RAW DATA:
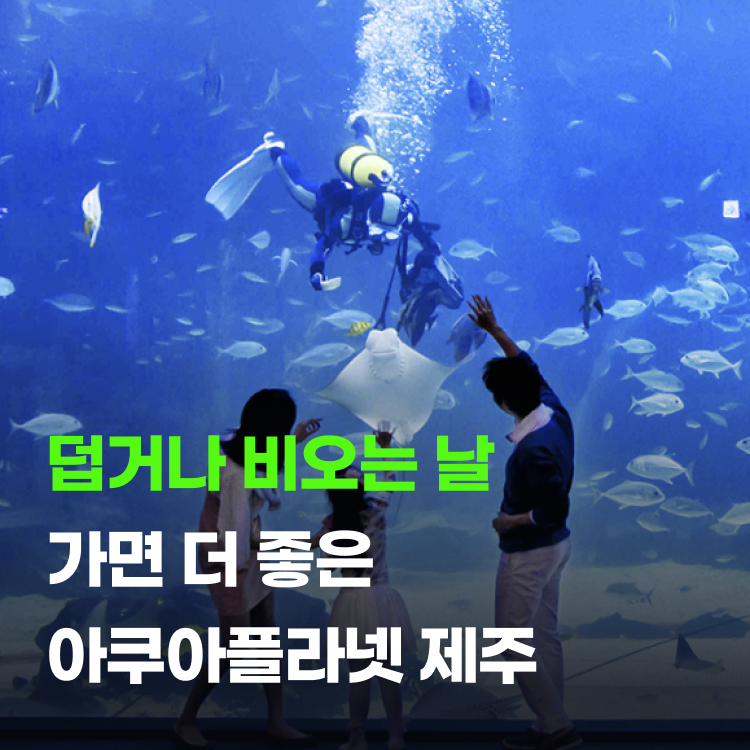 가볼 만한 실내코스 아쿠아플라넷 제주 저렴하게 예약하는 법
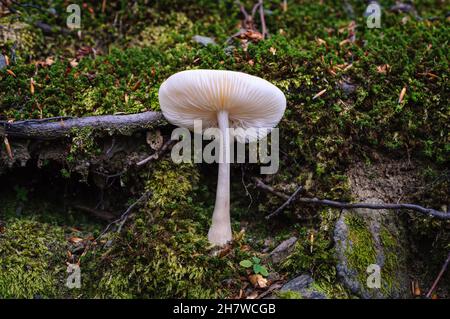 Pilze frisch in einem warmen, sonnigen Herbstwald nach Regen. Holzpilze, Pilze Stockfoto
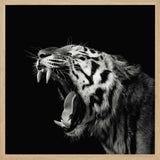 Roaring Tiger Portrait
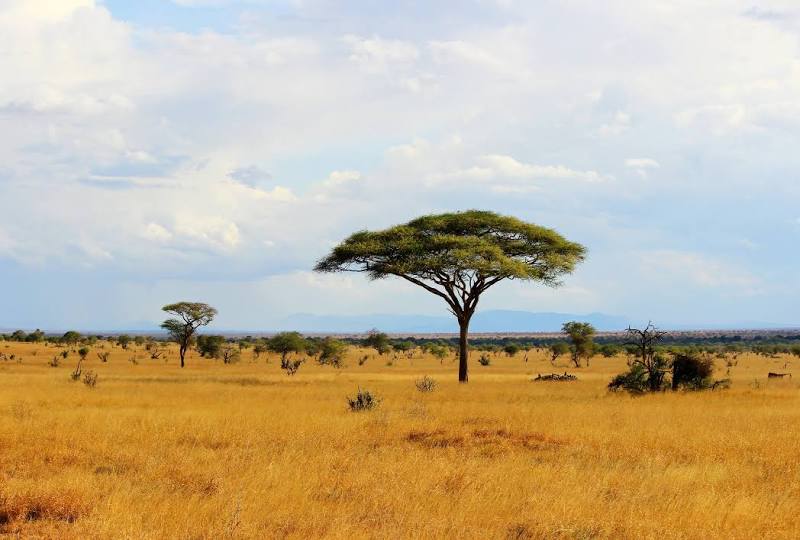 Tsavo East National Park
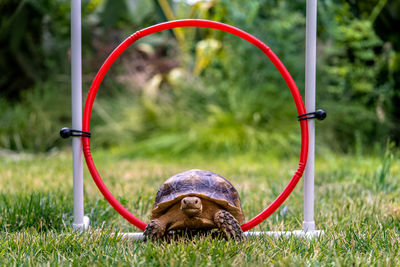 A tortoise walking through a hoop.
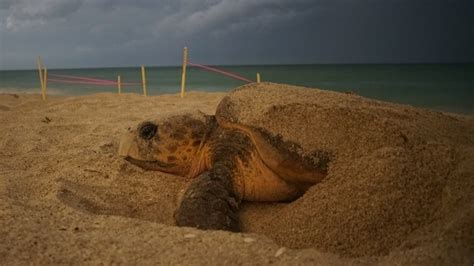 Florida Heat Produces More Female Sea Turtles Than Males Threatening Population Npr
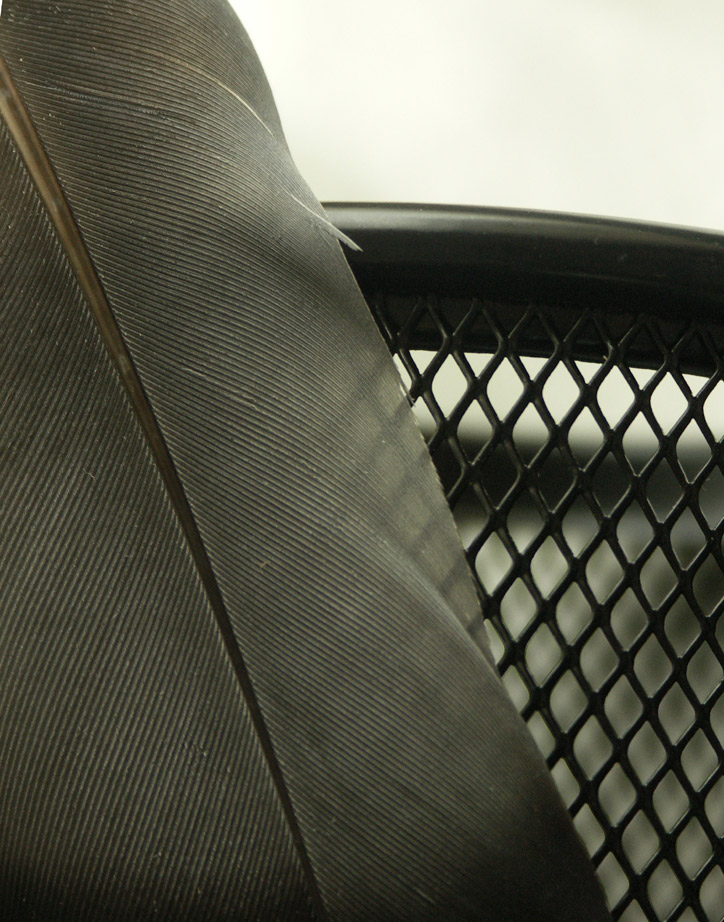 Photography by ruxa2na for DesignCrowd (Community Contests) | Design #9076314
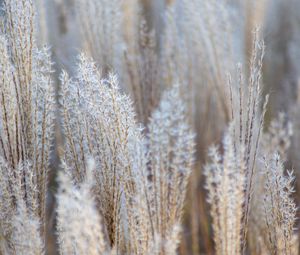 Preview wallpaper grass, spikelets, macro, dry, fluffy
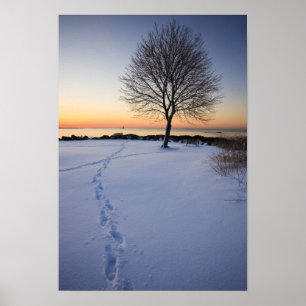 Lone tree in fresh snow at New Castle Common Poster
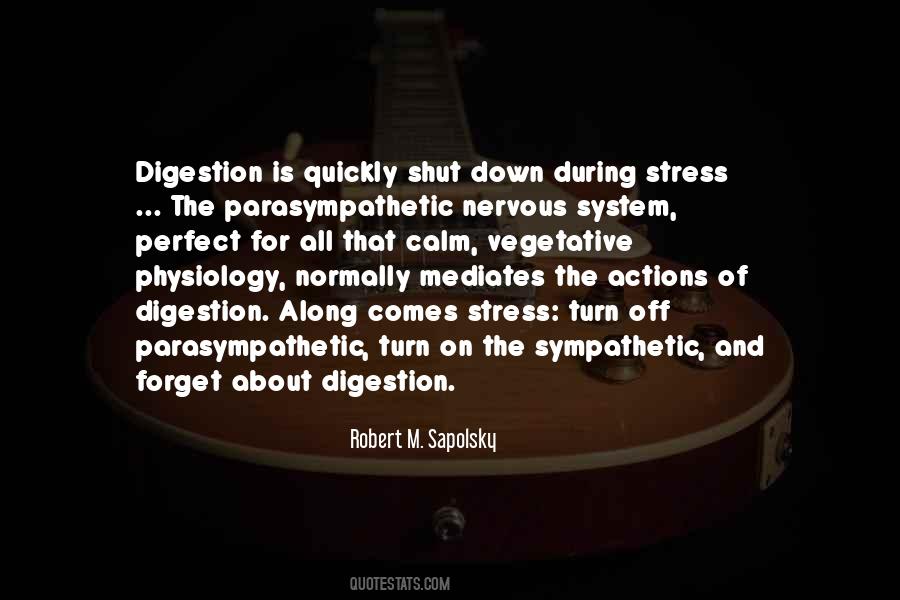 System Of Down Quotes #527109
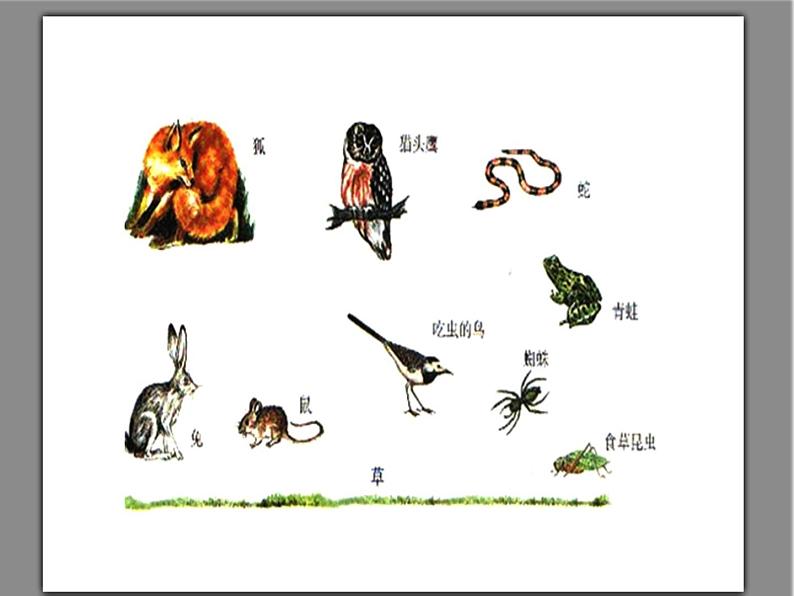 青岛小学科学四下《19-密切联系的生物界》PPT课件-(4)05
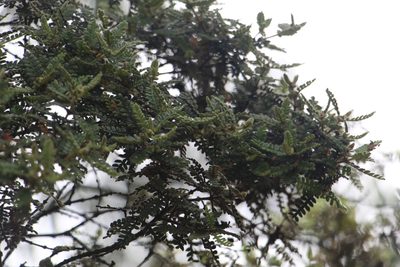 Weinmannia tomentosa, photographed by Andrés Ramírez-Barrera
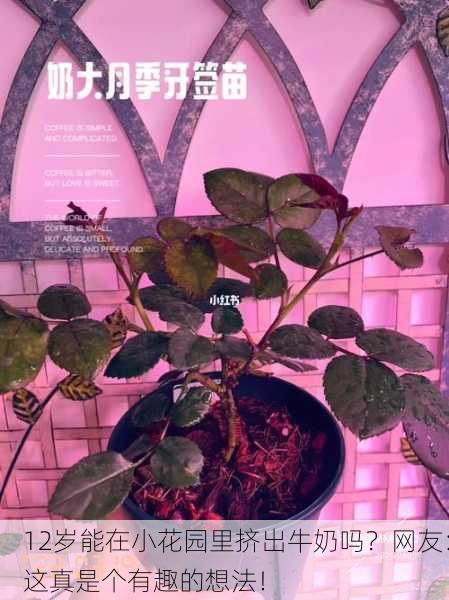 12岁能在小花园里挤出牛奶吗？网友：这真是个有趣的想法！
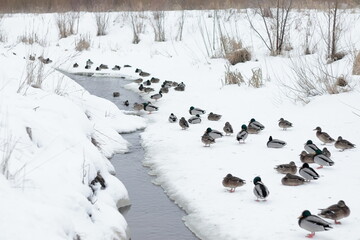 A group of ducks on the bank of the winter river.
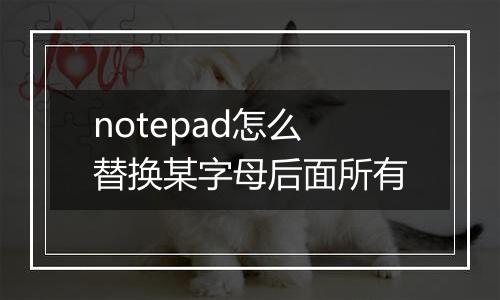 notepad怎么替换某字母后面所有
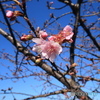 春近し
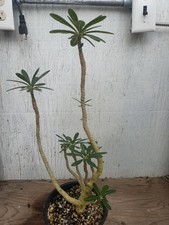 plants large succulents for sale plants large succulents for sale North Pole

TASK TO COMPLETE: Find the line that contains "Weinmannia tomentosa, photographed". Copy it and every line after it through the end of the listing exactly, but not the pictures.

RESPONSE:
 Weinmannia tomentosa, photographed by Andrés Ramírez-Barrera
 12岁能在小花园里挤出牛奶吗？网友：这真是个有趣的想法！
 A group of ducks on the bank of the winter river.
 notepad怎么替换某字母后面所有
 春近し
 plants large succulents for sale plants large succulents for sale North Pole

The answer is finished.